Ugly is an angry book, I say. She looks surprised, almost hurt. “I don’t think it’s angry at all. I think it’s a very calm book, a very positive book. I think it’s a book that looks forward, not back. What do you mean by anger?” Well, wanting to spend your time in purgatory mashing your mother’s head is pretty angry, I say. “No, that’s just deserts. I think anger would be cutting up my mother’s clothes.”
In November 2008 the mother, Carmen Briscoe-Mitchell, sued for libel — and the High Court found the books were not libellous. The rest of the Briscoe family seem to differ from the account in the books (again from Hattenstone):
… her sister Patsy came to the defence of her mother in an article in the Mail on Sunday. She labelled Ugly a pack of lies, the fictional work of a self-hater. Patsy claimed that Eastman was a gentle giant, that Constance was not beaten or sexually abused, as Constance claimed had happened on one occasion, and that the suicide attempt was fabricated. “What she’s done is devious and dangerous,” she said. “Mum’s taken it very badly. She intends to go all the way with her legal action.”
At the same time, another sister, Pauline, provided a statement in which she took issue with a couple of details in Ugly, but said her mother was a woman who had set her whole family against each other.
Briscoe says she is keen for me to talk to the family and passes on the numbers of various siblings and her mother. Her sister, Christine, also a lawyer, tells me she’d rather not get involved and the others don’t return my calls.
Perhaps more to the point, the dates and details Briscoe provides in her books do not accurately tally with provable facts. That’s a curious trait in a senior lawyer. We might also note the BBC report of the libel trial:
… a woman suing her barrister daughter for libel over allegations made in a memoir of her childhood has accused her of being a “wicked thief and a liar”.
Carmen Briscoe-Mitchell, 74, told the High Court that Constance Briscoe – who is also a part-time judge – had forged documents for use in her defence …
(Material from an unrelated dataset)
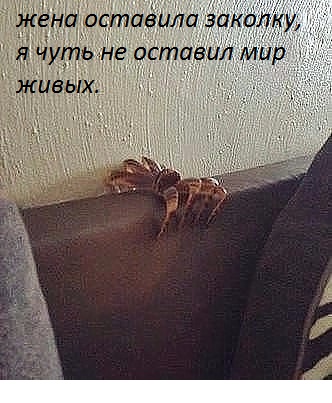 Картинки разные, возможны баяны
Andrew Caldecott QC, representing Ms Briscoe, told Mrs Briscoe-Mitchell that she was making “very serious” allegations of forgery.
She told the court: “I have to stand up for myself when you are trying to get me to admit to lies.
“I will never admit to lies.”
Mrs Briscoe-Mitchell also told jurors that when her daughter visited London during her days at Newcastle University, she would “just run around doing shoplifting”.
It crosses Malcolm’s mind there’s a possible half-chance that we have here a basis for the arrest of Ms Briscoe — and why her evidence at the Huhne-Pryce trial might be in doubt (her non-appearance as a prosecution witness would be telling). And why the legal system has gone into Delphic silence mode.